First, consider this thought experiment:
Imagine you’re the mother of twins. You told them not to go to a party, but they disobeyed. Naturally, you’re upset and waiting for them to come back.
But to make matters worse, you learned from their younger sister that when they do come back they plan to ask you for a favour. The twins need your car to go to school.
When Hassan came into the house, he quickly greeted you and ran to their room to avoid your wrath. From the room, however, he sent the younger sister to ask permission for the use of your car.
Hussain on the other hand, came into the living room reciting this poem he wrote for you two years ago:
Your bosom I suckled
And my shoes you buckled.
You loved me as I was
Ugly as I was;
Walking as a monkey waltz.
How do I repay your tender nature?
My life is too short for your adequate nurture.
Puffed up and proud you were
In my babbling wear.
You traded-in every silver
To save me from my painful fever.
As I stretch up to Heavens,
And count my days in sevens,
And traverse the universe,
Hear o people!
I want to manufacture enough oxygen.
To prevent a breath fracture,
That she will live free,
And grow to see centuries three.
When Hussain saw that your face was softening after that rendition, he added:
“Mama, I know we’ve transgressed. But we are a couple of misguided little rascals. So, please forgive us.”
After that, he put in his request to use your car.
This example may be a little contrived but to whom are you likely to grant the favour of using your car? Hussain, right?
Very few humans will demand that you praise them, because, well, do we deserve to be praised?
In the case of God, however, that demand is explicit. God wants us to praise him for all He has done for us. This gives us a clue as to what to do when we want something from Him.
Although I know very little about the two other monotheistic religions, I can see that this is a recognized principle in all of them.
Christians shout “praise the lord!”
Which is greeted with “Hallelujah!” Not only because he deserves to be praised, but because he demands it from us.
Prophet Muhammad (SAW) once saw a man fervently supplicating to God in the mosque and remarked that the man was in a hurry. His companions wanted to know why he said so.
Before asking Allah, the prophet observed, he should have praised Allah.
Messengers of God before him also knew this lesson intimately. There are many verses in the Qur’an where God directly demands that he should be praised.
But one of the most effective ways to praise Allah is to ask for His forgiveness.

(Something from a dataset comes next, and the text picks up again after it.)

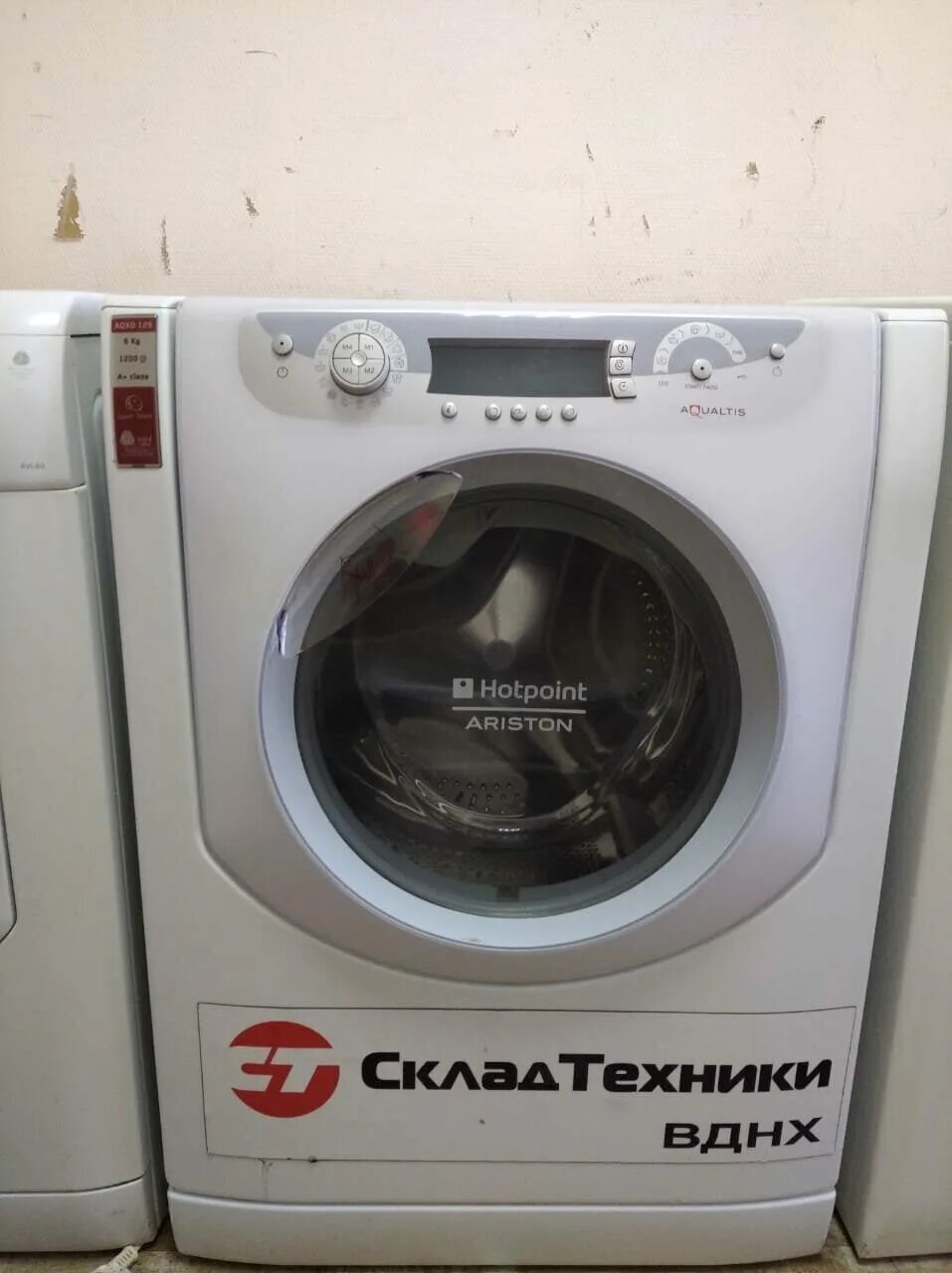 Hotpoint ariston стиральная машина с сушкой. Hotpoint ariston aqsd 129. Hotpoint ariston aqxd 129. Стиральная машина hotpoint ariston аквалтис -aqsf051i. Аристон хотпоинт 129.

And that was what Solomon (AS) did when he asked God to give him power so vast in scope that He wouldn’t give anyone after him.
Why some people are unsure about how to ask, Solomon didn’t waste time with many words: he only used a 2-step process; Solomon simply said “forgive me” and then launched into what he wanted:
“My Lord, forgive me and grant me a kingdom such as will not belong to anyone after me. Indeed, You are the Bestower.”
And Allah answered the prayer: “So We subjected to him the wind blowing by his command, gently, wherever he directed…” (ibid 36)
Different religious books (Torah, Bible and the Qur’an) are united on the extent of the power Solomon had. Even the devils among the jinns were subject to Solomon’s rule.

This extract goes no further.